SageMaker Studio: Data Science Lifecycle Rules

7-minute read

Quick summary: How to set up the “last mile” configuration in AWS SageMaker Studio to set data science teams up for success

Productive data science requires a flexibility in tooling to explore and exploit advances in the science. Growth and adoption of cloud platforms and technologies by enterprises have sped up data scientists’ ability to tap into flexible toolsets and cutting-edge technology. Among the many tools available, cloud platforms have been developing their own suites of tools to help solve problems related to the machine learning development and production lifecycle, and among those is AWS SageMaker. SageMaker is one of the most powerful data science tools available, but achieving production-grade flexibility still requires thoughtful design.

As part of the SageMaker platform, SageMaker Studio brands itself as “the first fully integrated IDE for machine learning.” At Re:Invent 2021, AWS announced a preview version of SageMaker Studio Lab, which offers similar features to users who want to try out SageMaker Studio in a free tier capacity without the requirement of an AWS account. From that environment, users can develop their models and environment and migrate to full SageMaker Studio instances when they’re ready to scale. The investment in the platform for AWS shows the commitment to expanding the SageMaker Studio platform as a unified machine learning IDE moving forward.
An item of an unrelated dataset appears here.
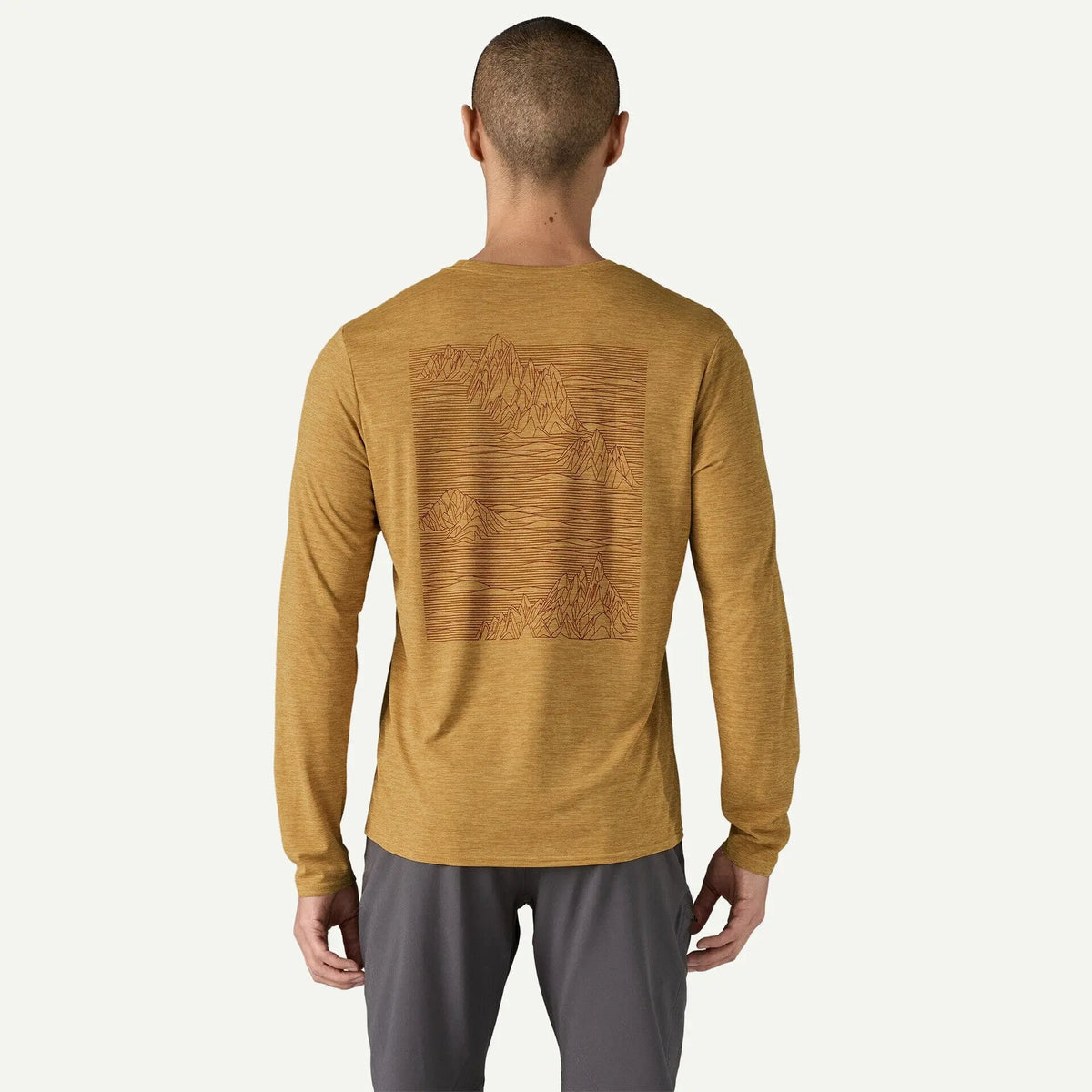 Patagonia M's Long-Sleeved Capilene® Cool Daily Graphic Shirt - Recycled Polyester Strataspire: Beeswax Tan X-Dye Shirt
SageMaker Studio was released to the general public in April 2020 and expands on SageMaker Notebooks. As for the SageMaker Studio product itself, it is based on the JupyterLab project, which treats Jupyter Notebooks as a first-class citizen. Beyond the JupyterLab environment, SageMaker Studio expands on the project by adding elements for interfacing with the MLOps lifecycle, such as Model Registry and SageMaker Pipelines.
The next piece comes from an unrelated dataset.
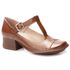 Sapato Boneca Salto Grosso Em Couro Marrom Dual Comfort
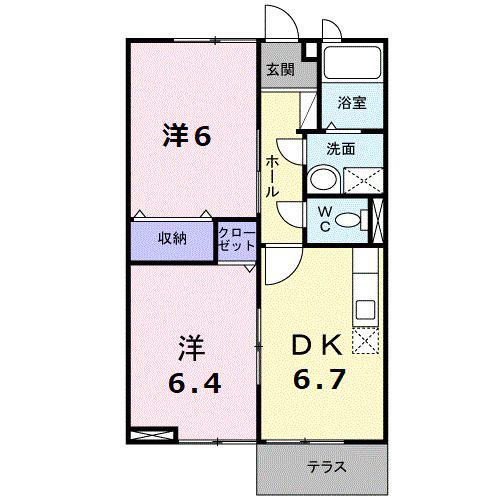 ウッドフィールドB(2DK/1階)の間取り写真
With all the investment in the SageMaker Studio platform, one would think that it comes out of the box fully configured for data science teams to adopt. This is not the case, and there is a non-insignificant addition of overhead when it comes to the “last mile” configuration to set data science teams up for success.

Architecture

Before understanding “last mile” configuration of SageMaker Studio, one needs to understand a little bit more about its architecture. One of the features that makes SageMaker Studio so powerful is the ability to spin up kernels that are attached to separate computing instances of specified size and leverage them to run experiments. This enables a seamless workflow of testing out models and code on smaller, cheaper instances and scaling up to larger workflows easily. (The prior workflow of leveraging pure SageMaker Notebooks required a full shutdown of the instance, an offline update of the instance size, and turning on the notebook instance again.) Both SageMaker Kernels and JupyterServer are backed by a persistent elastic file store drive, so data is persisted when instances are shut down.
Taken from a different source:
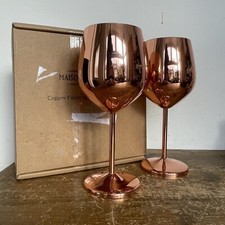 Copper Finish Wine Glasses Set Pair 2 M & W Maison & White Glass Metallic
A tradeoff of this architecture is that there are two separate compute environments that operate slightly differently. For example, the configuration of the JupyterServer defaults to user being declared as ec2-user, and kernels are generally run as root. This can affect logic and setup of lifecycle configurations, as the shared volume is mounted to two separate home directories.

Lifecycle rules

These environments can be customized with lifecycle rules on the JupyterServer. However, as of the time of this writing, documentation is somewhat limited and clear path forward on correct setup and configuration. AWS posts code for lifecycle rules, but few details on implementation.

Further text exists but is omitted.